FARMERS in Durham and Northumberland were left with mixed feelings last night when they escaped the threat of a widespread cull of healthy stock.
Agriculture minister Nick Brown's "safety first" policy to combat foot-and-mouth disease, which is backed by farming groups, will leave swathes of empty farmland in the country's worst affected area of Cumbria.
Thousands of healthy animals within three kilometres of infected farms will be destroyed as the Government orders desperate measures to control the spread of the disease.
The same draconian policy will apply in southern Scotland where 200,000 sheep - equivalent to one per cent of the Scottish flock - will be shot mainly around Canonbie and Lockerbie.
And up to 100,000 sheep which may have come into contact with diseased animals through markets in Longtown, Welshpool and Northampton will also be traced and killed.
In Devon, where foot-and-mouth has been spreading from farm to farm, vets and trained lay staff will carry out "intensive patrols" within three kilometres of the county's 34 infected farms.
Christopher Stephenson, farms a few hundred yards away from two infected farms near Wolsingham, County Durham, where funeral pyres burned yesterday. Another case was confirmed nearby at Low Houselop, near Tow Law.
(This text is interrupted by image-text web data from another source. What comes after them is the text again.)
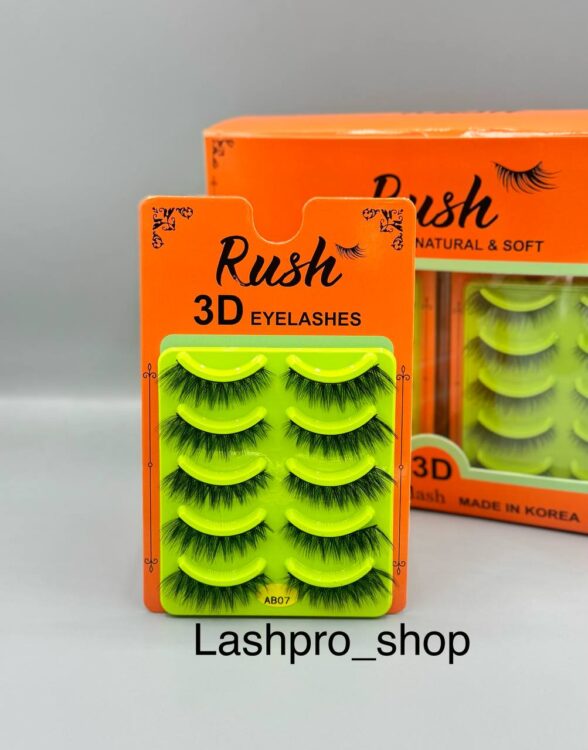 مژه 5 جفتی (مژه مصنوعی )برند راش Rush  کد Ab07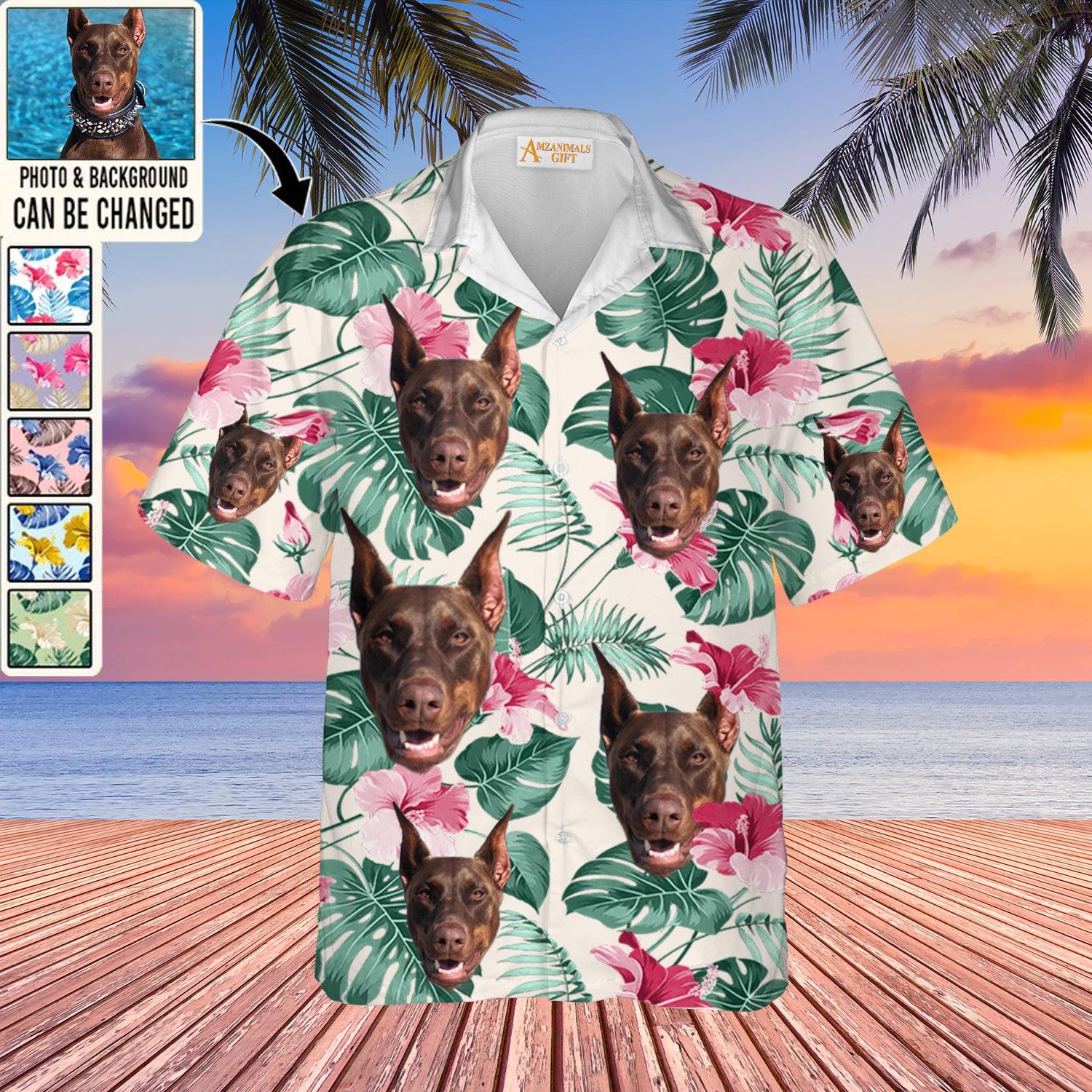 Doberman Face Custom Aloha Hawaii Shirt - Dog Custom Photo With Tropical Pattern Personalized Hawaiian Shirt - Perfect Gift For Dog Lovers, Friend, Family - Amzanimalsgift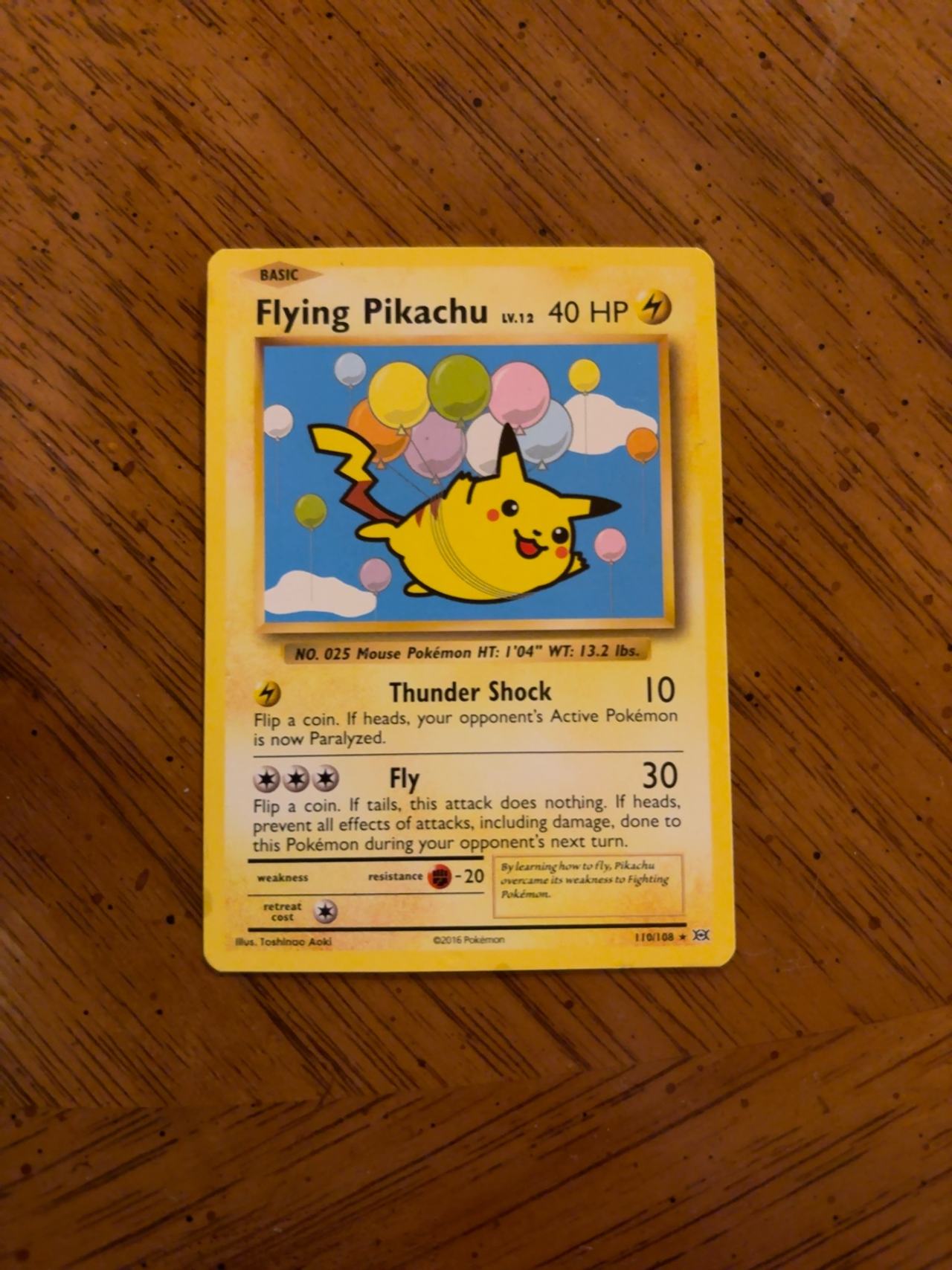 Pokemon Flying Pikachu XY Evolutions Card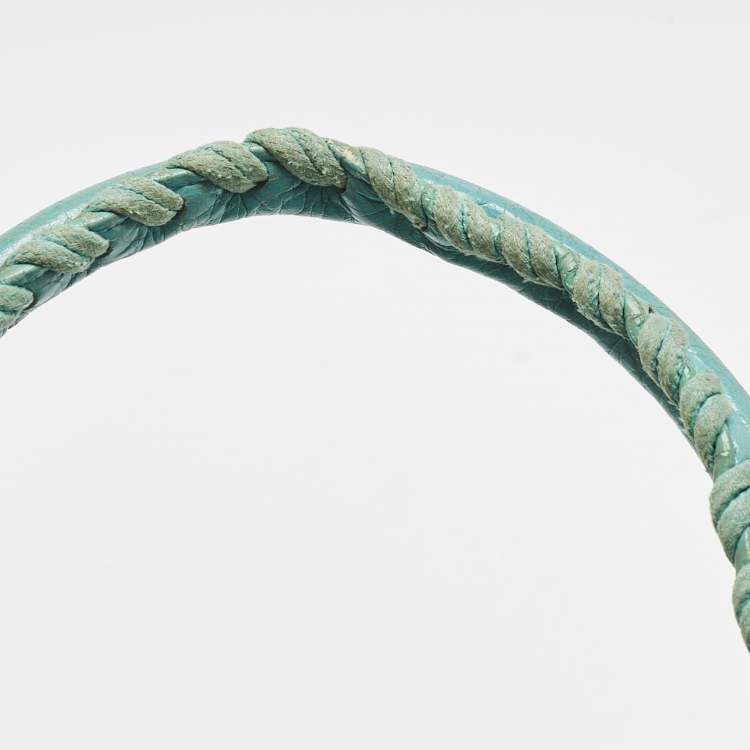 Pre Owned Balenciaga Turquoise Blue Leather Giant 12 Gold Hardware Work Tote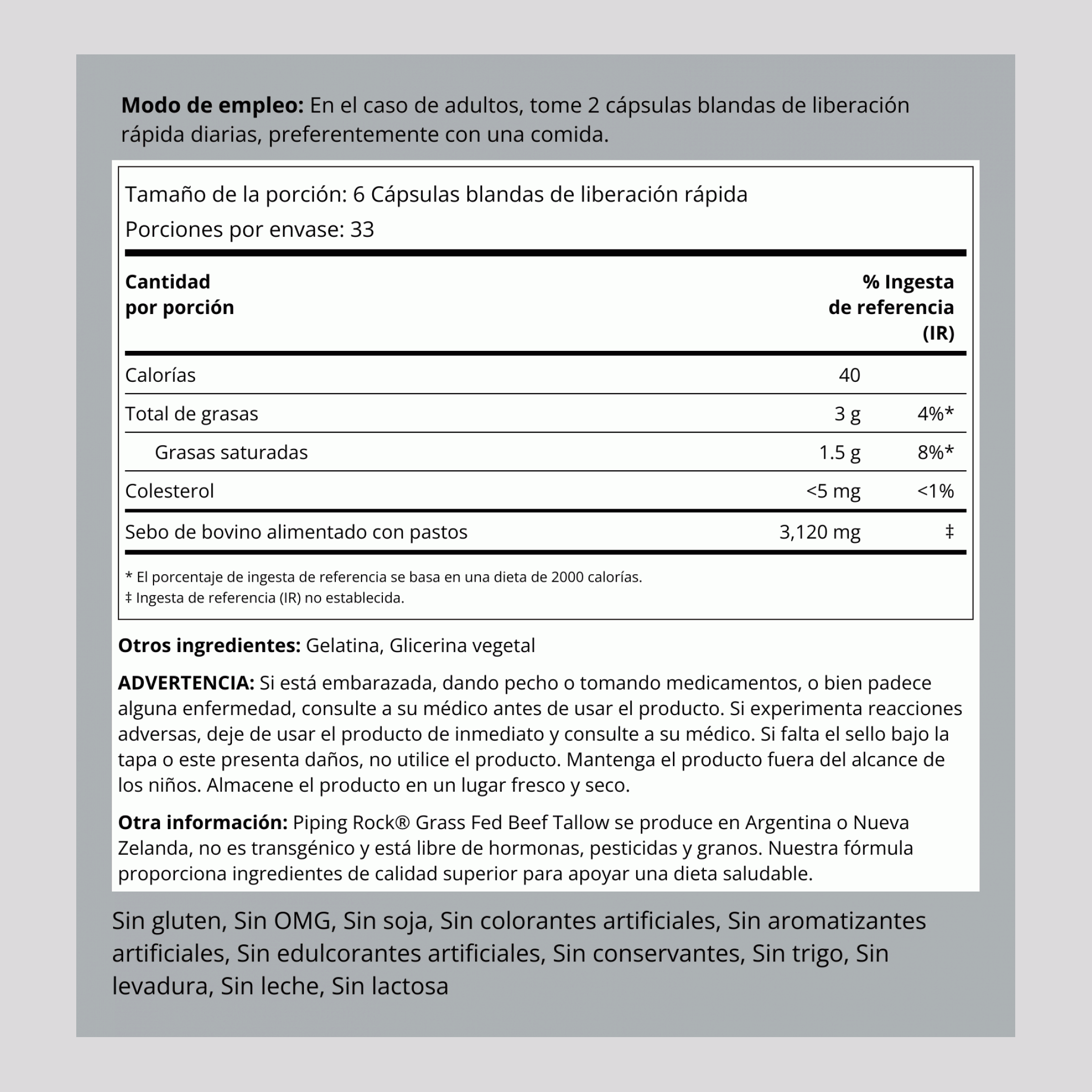 Sebo de res alimentado con hierba 3120 mg (por porción) 200 Cápsulas blandas de liberación rápida     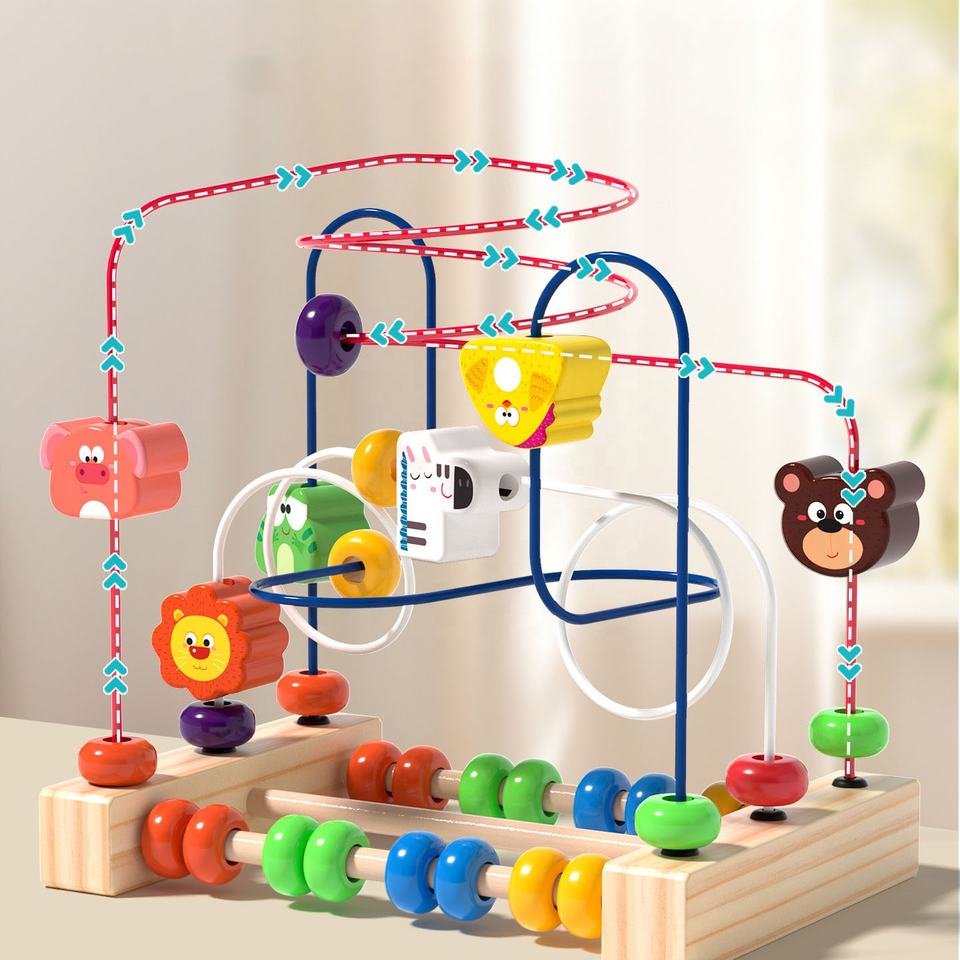Toy With String Baby Colorful Wooden Bead String Toy Kids Montessori Educational Wooden ...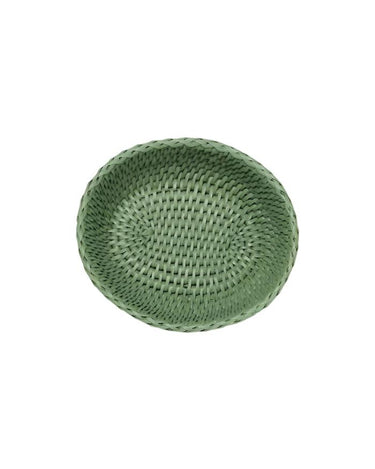 Serving Piece Mayfair Trinket Tray Hold All Rattan Basket in Green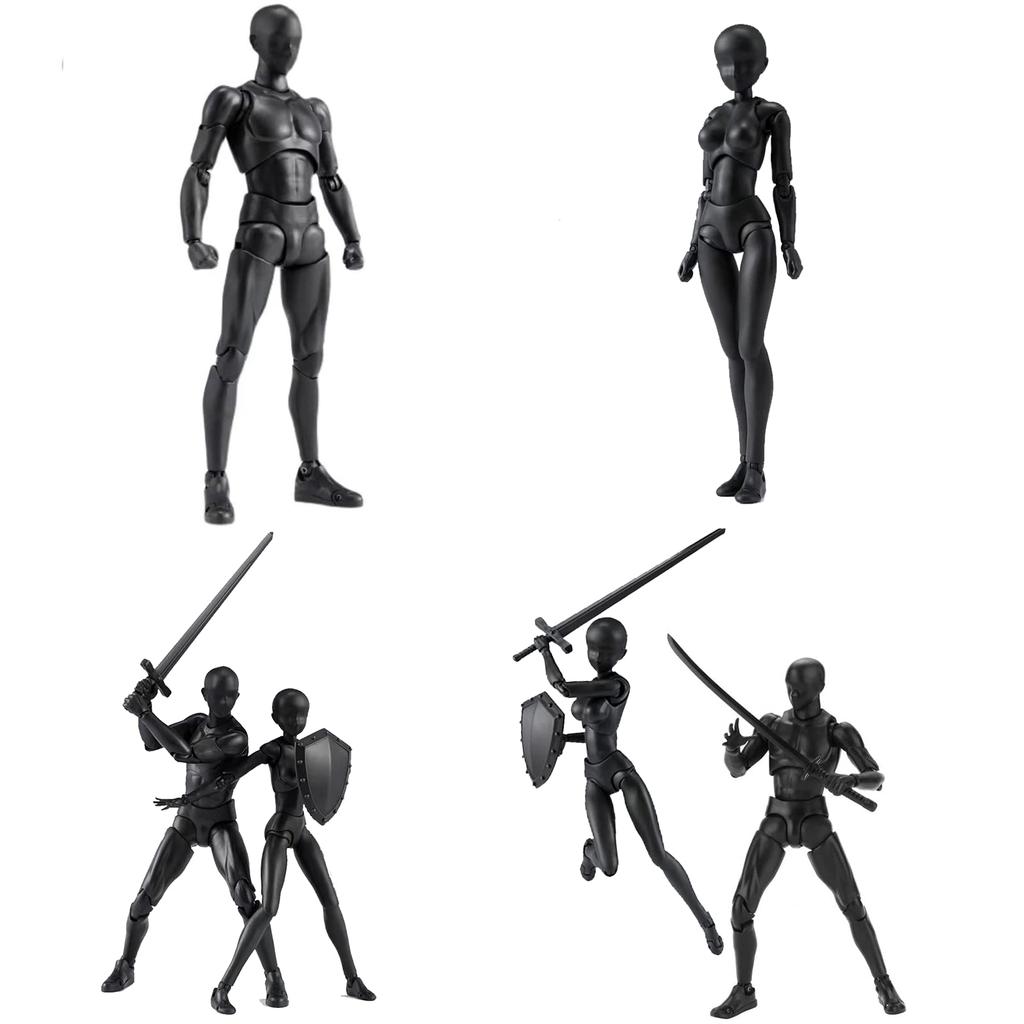 Gnallang Drawing Movable Comes with Changeable Model Cartoon Muscular Male and Female Black Doll, Joints, Stand, Gestures, Doll, Model, Body, -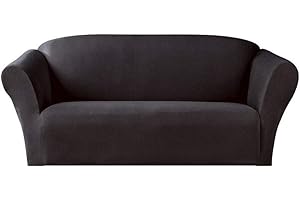 Bedding Haus 3-Piece Couch Cover Set, Sofa, Loveseat, and Arm Chair Slipcovers, Form fit Stretch, Wrinkle Free, Furniture Protector, Sofa Covers for Living Room, Polyester Spandex (Black)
Mr Stephenson said: "We are not sure whether to be relieved the cull does not apply to us or not. It would be tragic to lose any stock but these are very difficult times and I would be surprised if similar measures weren't introduced here soon."
In disease-free areas Mr Brown intends to relax movement restrictions over the next week to ten days.
Farmers will be compensated if they choose to shoot animals which cannot be moved because of their condition or because they are in infected areas.
NFU president Ben Gill said: "There will be many tears around the British countryside today. Our farms should be starting to jump to life with new-born lambs and calves.
"Instead many will feel that spring has been cancelled and their farms are simply 'dead'."